8

698 39 1
                                    

- I co sądzisz o książce? - zapytała gdy lekko spóźniona podeszła do chłopaka przed lekcją. Przysypiał więc słysząc jej głos lekko podskoczył przestraszony.

- Zaczytałem się w nocy i nie spałem prawie w ogóle. Tak mnie wciągnęła a fanem książek nie jestem. - zachichotała słysząc tak silny komplement. Gdy przestała zapatrzyła się trochę w jego oczy. - Mamy identyczne tęczówki. Ale na prawdę identyczne.

- To prawda. - podsumowała i poczuła obecność Kuroko. - O tez Pan spóźniony? - Kagami zrobił zdziwiona minę. Do kogo ona mówiła?

- Zaspałem. - czerwonowłosy nie mógł uwierzyć. Dziewczyna tak po prostu poczuła obecność chłopaka? Jakim cudem?

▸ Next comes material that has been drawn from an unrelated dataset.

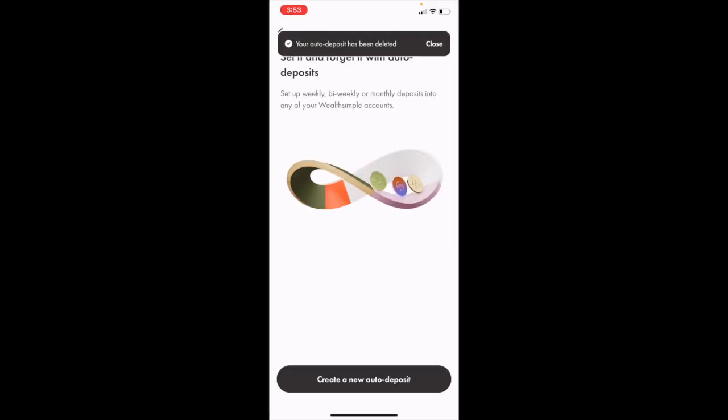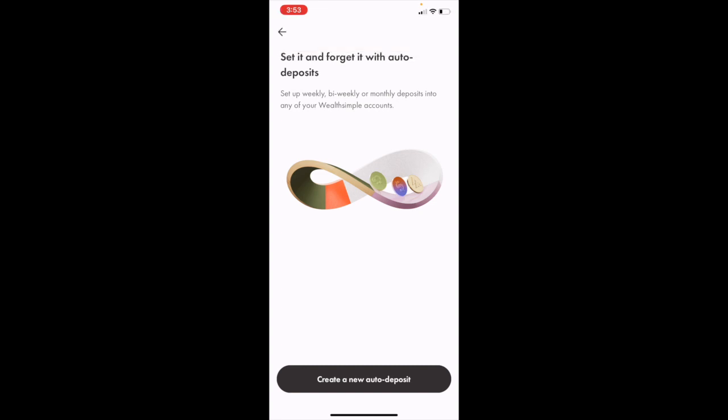And there you go. Your auto deposit has been deleted or it has been canceled. That is pretty much how to cancel an auto deposit here in Wealthsimple. I hope this video helps.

- Widzę. - obróciła się so niego i poczochrała jego włosy. Następnie niebieskowłosu poprawił sobie je i usiadł do ławki a jemu zawtorowala blondynka. Lekcje minęły dość szybko. - Macie trening? - niezwykłe. Gdy jest komuś bliska jest otwarta, zaczepia, śmieje się z żartów, ale gdy kogoś nie zna albo nie lubi trzyma się z daleka, ukrywa swoją prawdziwą osobę do tego stopnia, że ciężko ją zauważyć...

- Tak. - szybko powiedział Kuroko. Westchnęła ciężko.

- Ja wrócę do domu. - poprawiła torbę i zaczekała na chłopaków aż się zbiorą. Gdy stali przed salą uścisnęła mocno Kuroko na pożegnanie. Kagami nachylił się do niej i również uściskał. Tego się nie spodziewała, ale jego ręce były... nie do opisania. Były świetne. Czuła się niezmiernie bezpiecznie, a te jego perfumy. Oddała uścisk a gdy odsunęli się od siebie westchnęła ciężko, musiała wyprowadzić siebie z amoku. - Pa chłopaki!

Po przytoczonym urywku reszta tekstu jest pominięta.